National Insurance explained

National Insurance is the second big deduction on your payslip, and it works differently from Income Tax — different thresholds, a 2% top rate, and a separate calculation for each job. Here's how employee National Insurance works in 2026/27.

Plain-English reference · checked for 2026/27 · updated June 2026

Work out your own numbers: Take-home pay calculator

National Insurance Contributions (NICs) sit alongside Income Tax on your payslip. If you are an employee, you pay Class 1 National Insurance, and your employer pays a separate amount on top. This guide covers the employee side — the bit that comes out of your pay.

The 2026/27 rates and thresholds

EarningsRate
Up to £12,570 (the Primary Threshold)0%
£12,570 to £50,270 (the Upper Earnings Limit)8%
Above £50,2702%

So you pay nothing on the first £12,570, then 8% on earnings up to £50,270, and just 2% on everything above that. The 2% top rate is why National Insurance takes a smaller bite of higher salaries than Income Tax does.

It's based on each job separately

Unlike Income Tax — which looks at your total income — National Insurance is worked out for each job on its own, and each job gets its own £12,570 threshold. This has a surprising effect: a small second job earning under £12,570 pays no National Insurance at all, so two jobs can pay less NI than one job on the same total pay. We cover this in the second job calculator.

What National Insurance pays for

Your contributions build your entitlement to certain benefits — most importantly the State Pension. You generally need around 35 qualifying years to get the full new State Pension, and at least 10 to get any. NICs also count towards things like contribution-based benefits. It is not a personal pot; it funds today's payments, but your record determines what you can claim.

Frozen thresholds

Like the Income Tax thresholds, the National Insurance thresholds are frozen. As wages rise, more of your pay falls into the 8% band, so the effective bite creeps up over time even though the headline rate is unchanged.

A worked example

On a £40,000 salary, National Insurance is charged on the £27,430 above £12,570, at 8% — about £2,194 a year.

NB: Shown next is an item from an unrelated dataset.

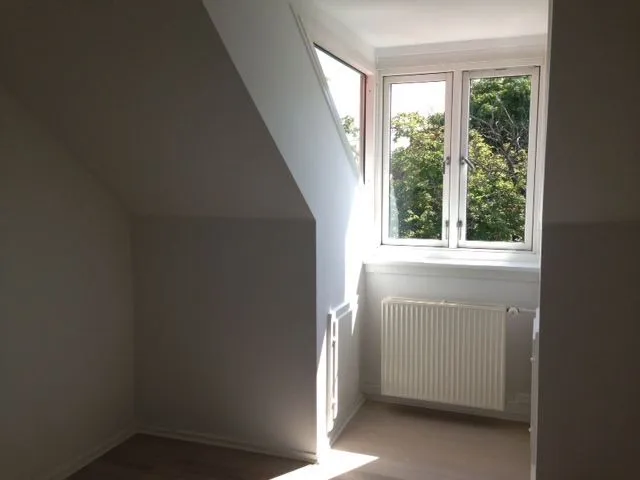 Pièces - One-Bedroom Flat in Central Location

On £60,000, you pay 8% up to £50,270 and 2% on the rest, totalling roughly £3,211. The take-home calculator shows the exact figure for any salary, alongside Income Tax and pension.

In short

Employee National Insurance is 8% between £12,570 and £50,270, then 2% above — worked out per job, with each job getting its own threshold. It is the contribution that builds your State Pension, and like Income Tax its frozen thresholds mean it quietly takes a little more each year.